I had been on a bit of a discovery voyage of Portuguese literature, riding waves of Saramago, Camões, and Pessoa, when I happened across José Luís Piexoto’s first novel, The Implacable Order of Things, which suddenly and effectively sank it. It’s not that Piexoto, a poetical author of great skill and dexterity, is not a good writer; he is. This musing of one of his characters is one of the most beautiful ideas I’ve read in a long time:
“I think: perhaps the sky is a huge sea of fresh water and we, instead of walking under it, walk on top of it; perhaps we see everything upside down and earth is a kind of sky, so that when we die, when we die, we fall and sink into the sky.”
It’s not that I was unfamiliar with the fatalistic tendencies of my peeps, either; I am. Intimately. After all, the Portuguese invented fado, the saddest music on the whole planet. The space that Piexoto creates, however, is a whole ’nother sun-scorched ball of … well, dirt.

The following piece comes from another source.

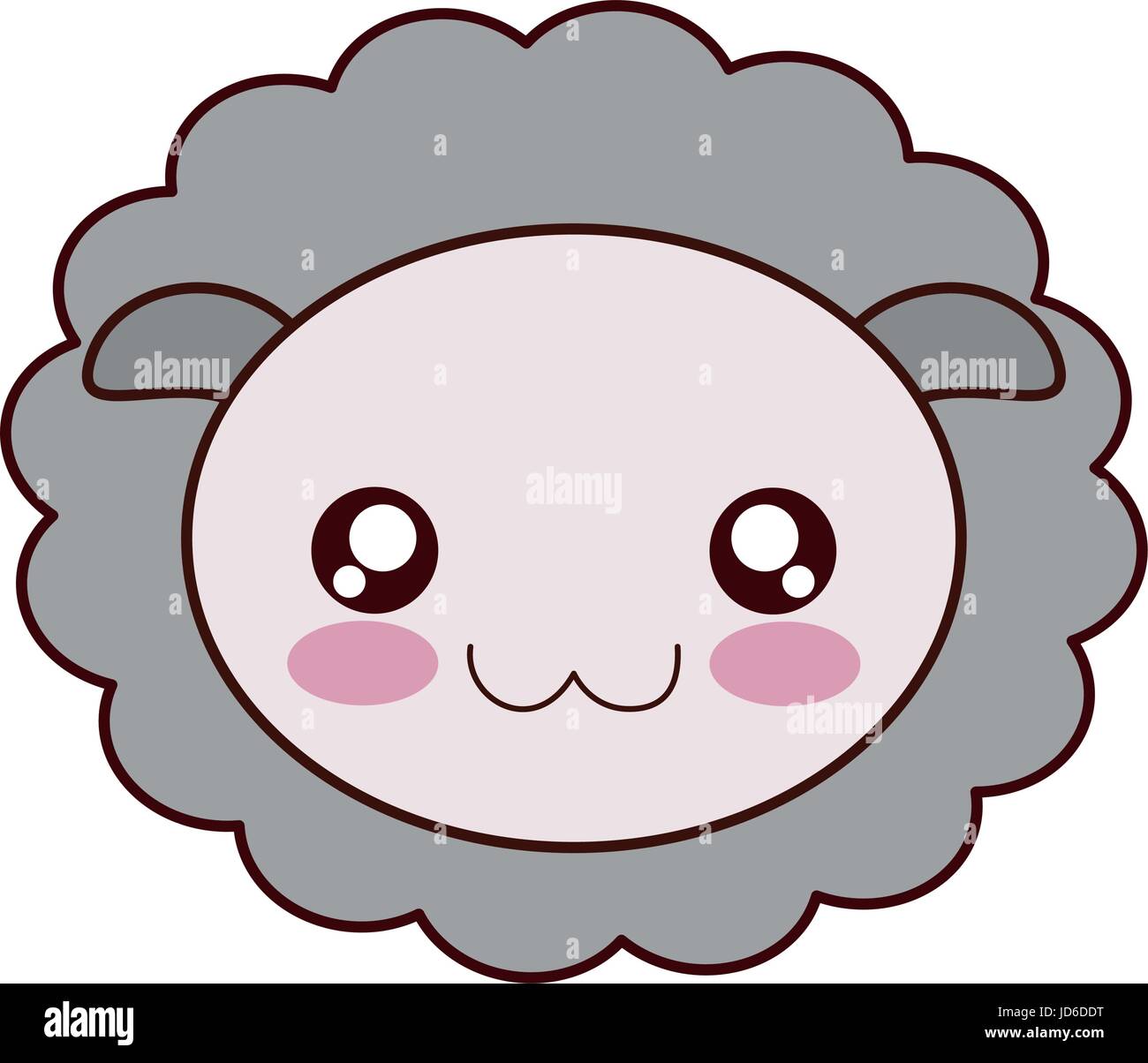 kawaii sheep animal icon over white background vector illustration ...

In Piexoto’s world, the sun itself is more than the beneficent stellar body that we know and love, it is an omnipresent, malicious torturer, drying up even the smallest hope in an oppressive blast furnace of despair. In this dying, grindingly poor village, even the devil seems trapped, forced to downscale his machinations to petty manipulations of the insecurities and jealousies of simple villagers. God himself has already caught the last ass out of town, abandoning the church and ecclesiastical duties to the devil who, to his credit, attends to all weddings and funerals with a huge grin, knowing all too well that no matter what people do, they are fated only to become more miserable as the days drag on.

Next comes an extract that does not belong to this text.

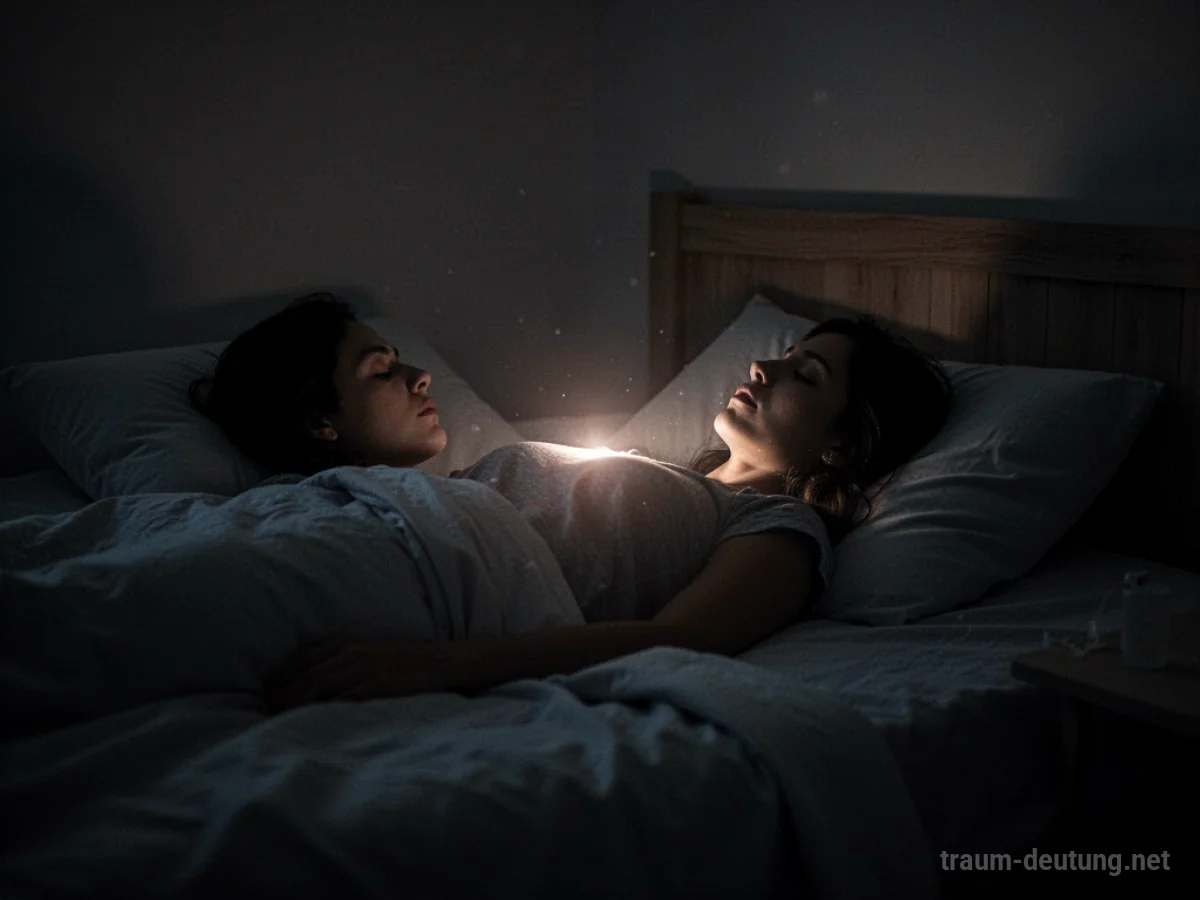 Schattenfigur eines Menschen im Bett, mit einem leichten Schimmer über der Brust.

Peixoto employs a bit of magical realism that gives the whole book the feel of fable or of some sort of black scripture. The story starts out with the devil hinting very strongly to a shepherd that his wife is having an affair with a giant (who in reality has been raping her since her father died). The shepherd tells him to let the giant know that if he sees him around, he is going to smash in his face. This leads, predictably, to the shepherd getting beaten to within an inch of his life. As soon as the shepherd is well enough to walk again, he is right back downtown looking for trouble, and the giant, once again, beats him within an inch of his life.

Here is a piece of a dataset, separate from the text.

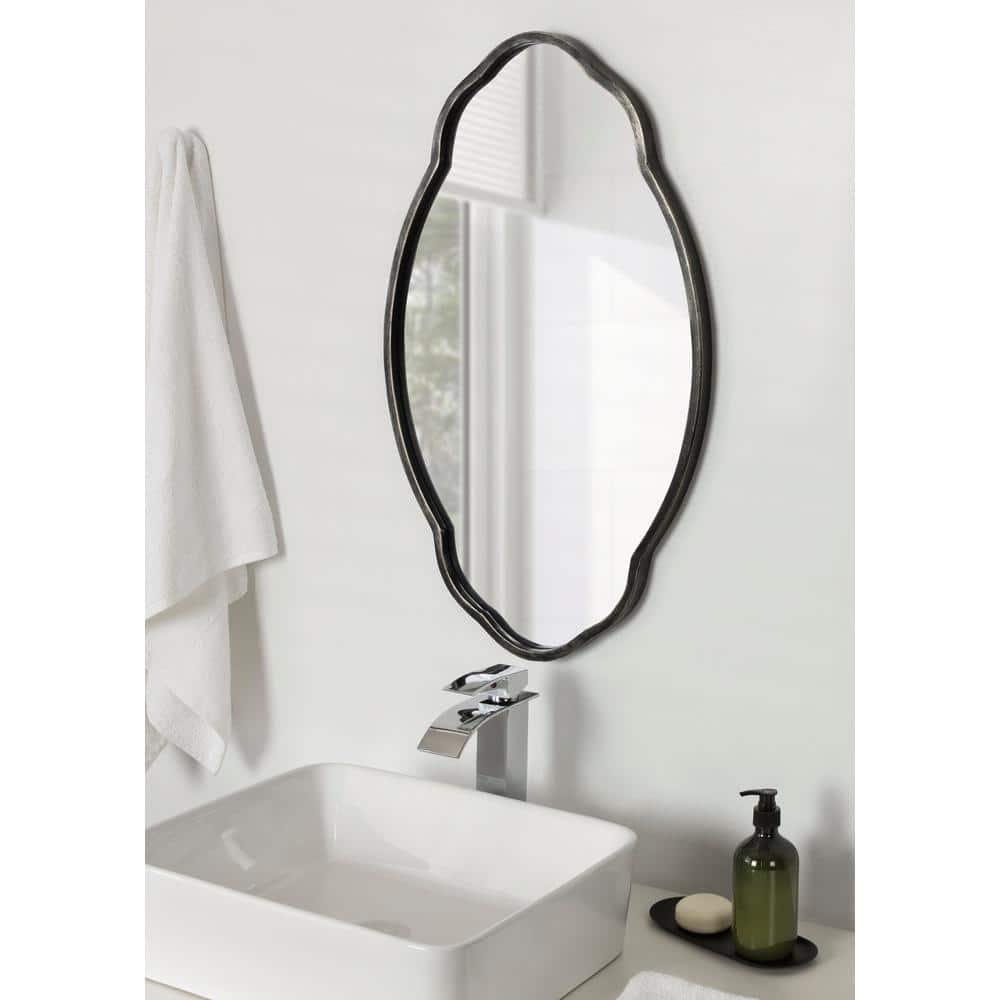 Kate & Laurel All Things Decor 18" x 30" Magritte Scalloped Oval Decorative Wall Mirror Black : Antique Finish, Metal Frame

The miserable denizens of Peixoto’s world are lacking any sense of free will and often are dragged toward their unhappy fates by limbs that seem to be driven by nothing but a howling sense of entropy. The only character who takes matters into its own … well, teeth, in this case, is the shepherd’s faithful dog. When its master finally confronts the horror of his situation and hangs himself, the dog rounds up all the other dogs in the village and tears the giant limb from limb. Score one for the dog.
By the second half of the book, we have burned through the first generation and are on to watching their progeny wither in the brutal heat. When we get to the one-legged, one-armed carpenter who grasps at happiness by marrying a blind prostitute after getting her pregnant—only to lose them both in childbirth, saw off his own leg, and burn down his (now no-legged) self and his shop for good measure—I started to get the sense that this book had become no more than misery porn. How much worse could things get? Worse. Implacably worse. Worse until the world itself (mercifully for the reader, but without a shred of pity for anyone else) finally grinds to a halt. Score one for the devil.